* **WORK REQUIRED**
Give the entries again exactly as they appear, but without the images.
BEGIN
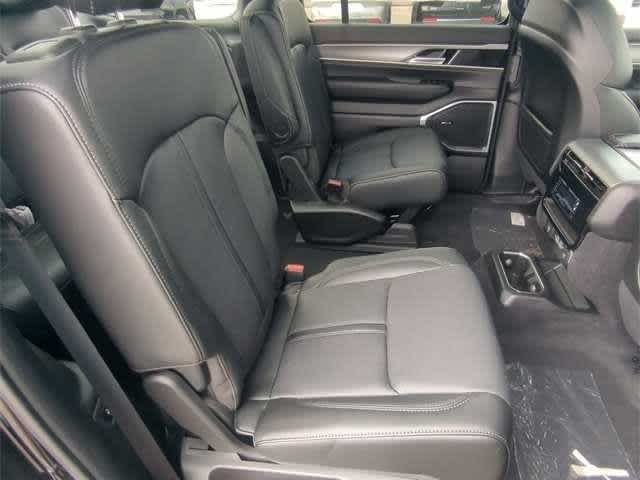 Thumbnail: 2025 Jeep Wagoneer - 22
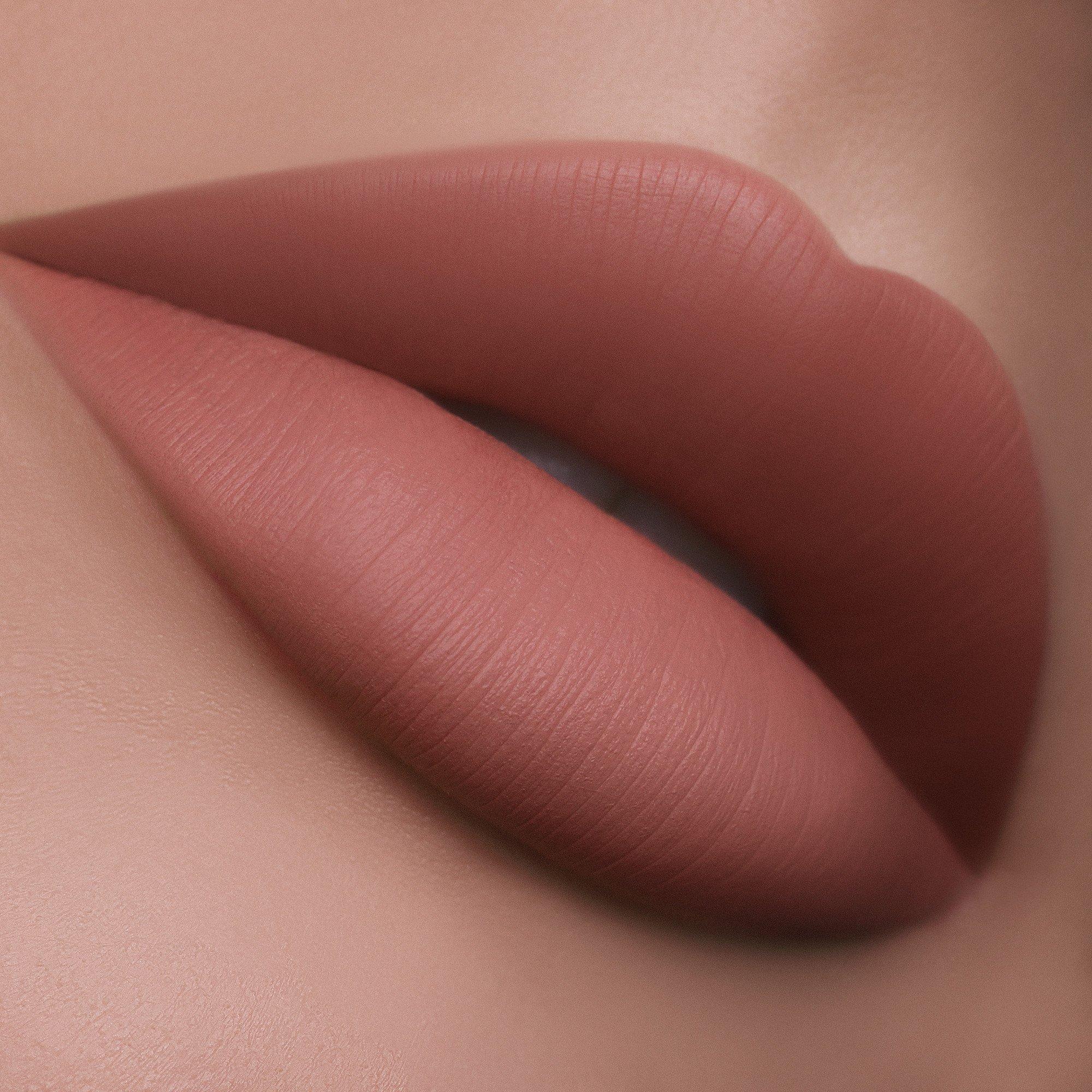 NUDE - Pat McGrath Labs - Liquilust™: Legendary Wear Matte Lipstick Nude Cabaret - 4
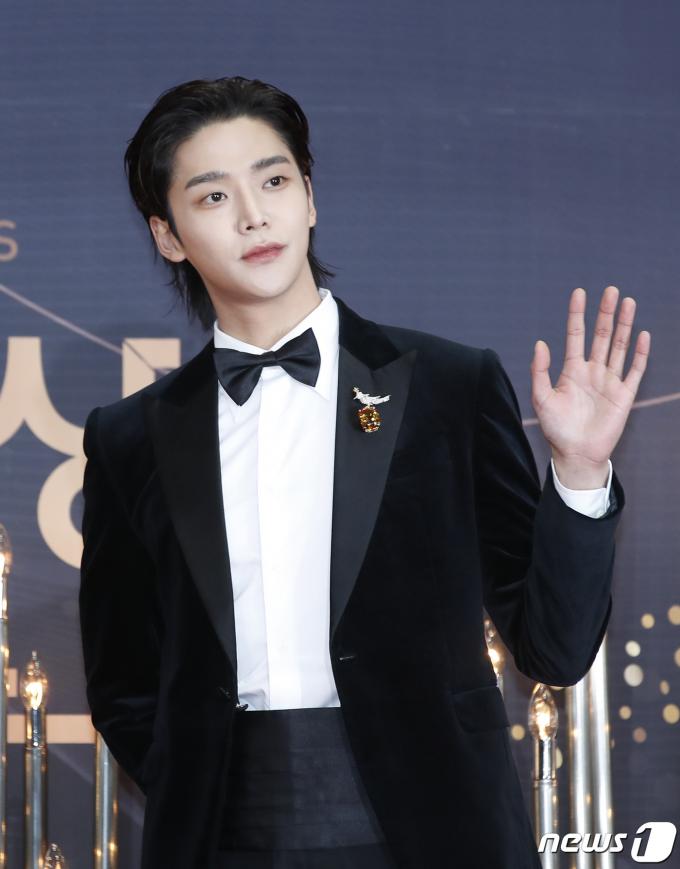 배우 로운이 31일 오후 서울 영등포구 KBS 신관에서 진행된 ‘2023 KBS 연기대상’ 레드카펫 행사에서 포즈를 취하고 있다. 2023.12.31/뉴스1 ⓒ News1 권현진 기자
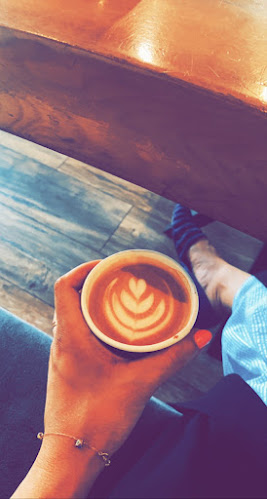 مقهى و محمصة كِفّة - طريق الملك خالد - المدينة المنورة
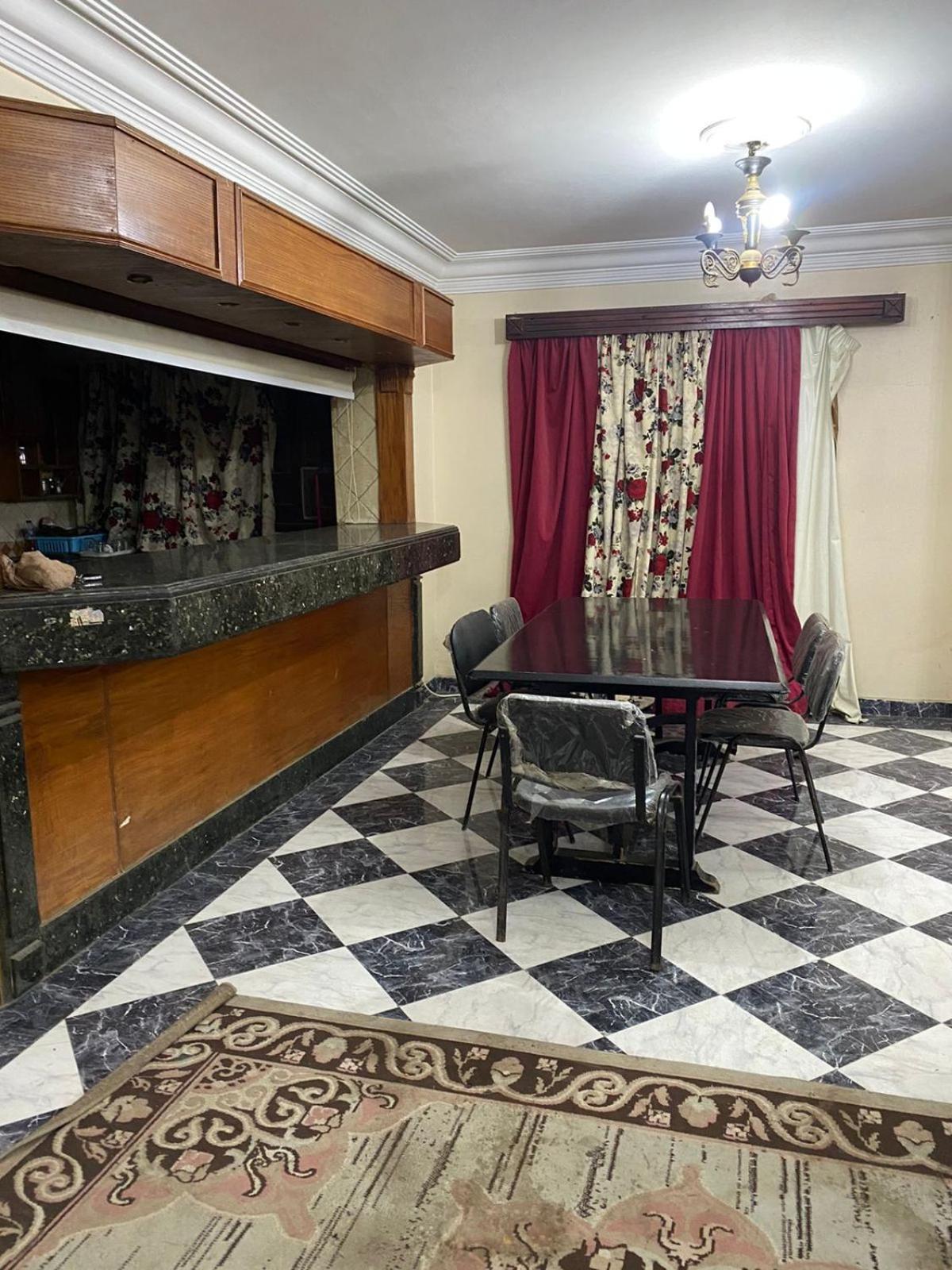 Apartment بميدان لبنان للعائلات Cairo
END
* **TASK RESULT**
 Thumbnail: 2025 Jeep Wagoneer - 22
 NUDE - Pat McGrath Labs - Liquilust™: Legendary Wear Matte Lipstick Nude Cabaret - 4
 배우 로운이 31일 오후 서울 영등포구 KBS 신관에서 진행된 ‘2023 KBS 연기대상’ 레드카펫 행사에서 포즈를 취하고 있다. 2023.12.31/뉴스1 ⓒ News1 권현진 기자
 مقهى و محمصة كِفّة - طريق الملك خالد - المدينة المنورة
 Apartment بميدان لبنان للعائلات Cairo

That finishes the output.